The province’s coconut area reduced to 37,758 hectares in 2000 and to 35,540 hectares in 2001, providing an annual output of 231.7 million and 222.2 million coconuts respectively. The main reason was alleged to the wide spread of palm leaf beetles on over 500 hectares, seriously impacting the quality and output. In spite of the situation, the province promoted a series of insecticides spraying campaigns and particularly applied the preventive method by using Tetrastichus brontispae parasite, which was implemented in 2003. The method has contributed to reduce remarkably the density of palm leaf beetles.     

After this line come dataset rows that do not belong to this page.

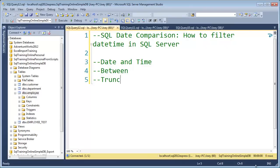Hey, Joy Blue here and today I want to talk about the SQL Date Comparison — how to filter datetime in SQL Server. You might think, how hard can it be? You simply put it in the WHERE clause. Well, there's a little trick to it and I want to show you that.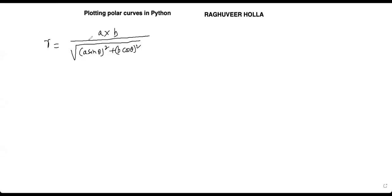Now here you have r, which is an ellipse. It is the locus of a point moving in a plane, so r is a cross b. Let us see the code of this.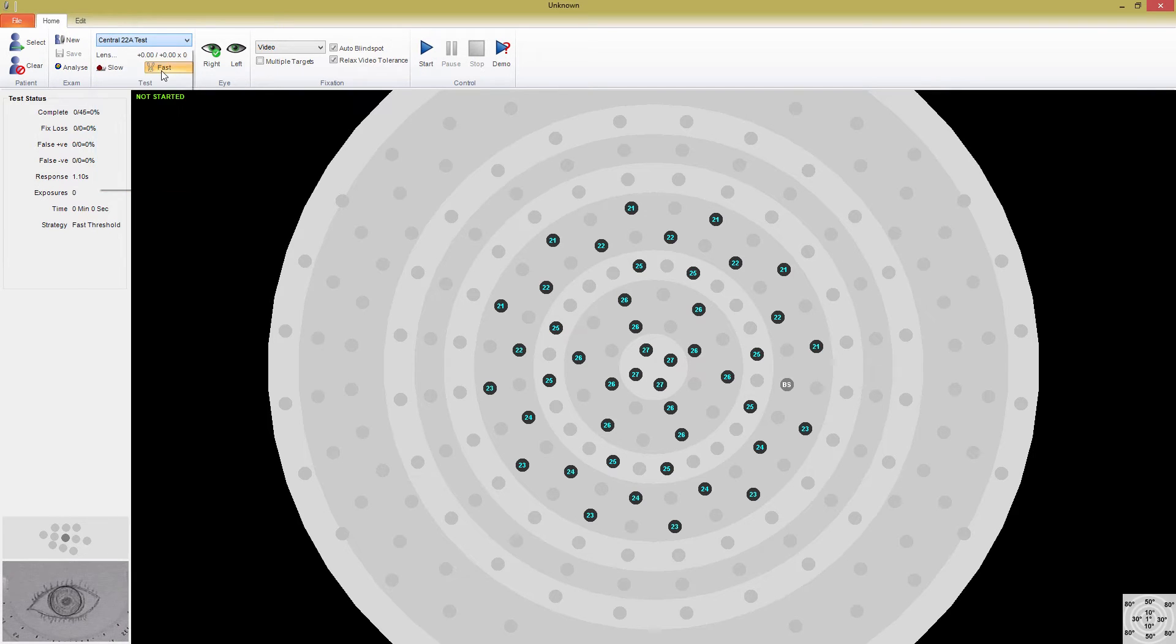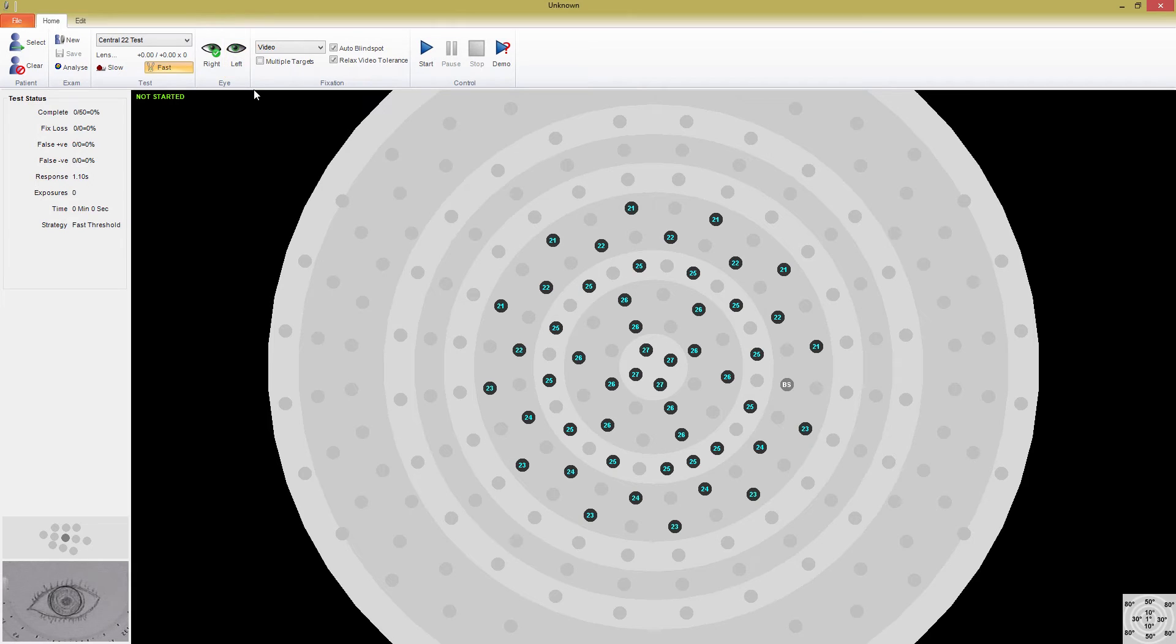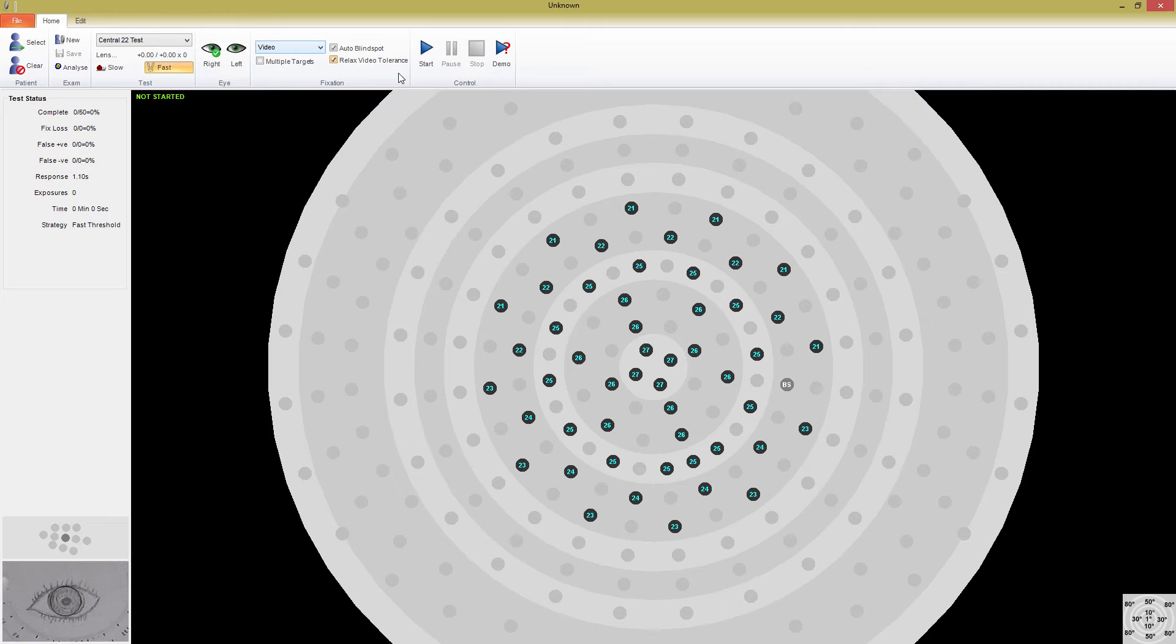For this test, I will use video fixation monitoring. When the patient is ready, all you need to do is press the Start button, and the test will begin.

In 2005, the coconut area gradually increased to 37,595 hectares with an annual output of 258.8 million coconuts. In 2008, the province’s area of coconut reached 45,631 hectares with an output of 311.5 million coconuts after the province promoted a project to develop the plantation of more than 5,000 hectares. In addition, the coconut price increased again, sometimes to VND65,000 per tens coconuts. Farmers cancelled the cultivation area of fruit, sugarcane and rice which saw low productivity to plant coconut palms. The consumption demand of coconut is steadily rising. Annually, the province produces 150-200 million coconuts for milk, meeting the people’s increasing demand for healthy refreshments particularly in big cities. Many production establishments in the province have produced coconut-related products like desiccated coconut meat, coconut oil, coconut agar, coconut candies, coconut matting, coconut yarn, active coal and approximately 100 fine art and handicraft products made from palm, coconut, coconut shell and stem to export abroad. Particularly, coconut stem is used to build house and make chairs, desks. 
 
Nowadays, thanks to the electrification process in the countryside, many phases of the coconut processing have been mechanized, like handicrafts, desiccated coconut meat, coconut candies, coconut oil extract; significantly contributing to raise the productivity, improve technologies and models. Lots of coconut-related products, including fine art and handicraft products have been displayed at both domestic and foreign markets and have received consumers’ favour.       
 
The coconut growing techniques are also more advanced, from seed selection to the proper distance between two palms. The intensive cultivation of other trees like cocoa, lemon, mangosteen, strawberry as well as the sufficient fertilization have helped increase the economic effect of coconut palm.    
Nowadays, Ben Tre growers pay special attention to seed selection and succeeded in the hybridization of varieties like green coconut, yellow coconut, green Siamese coconut, yellow Siamese coconut, Tam Quan coconut, soft coconut, pineapple coconut and hybridized coconut breeds like PB 121, PB 141, JVA 1, JVA 2 and other speciality varieties. 
 
According to experts, Vietnam may become the second desiccated coconut meat exporter in the world by 2020. Particularly, coconut oil can be used as a biological fuel to replace fossil fuels. Because of the high selling prices and its character of possibly producing many products for export, contributing to create jobs and improve living standards for farmers, coconut areas are expected to be expanded further in the future.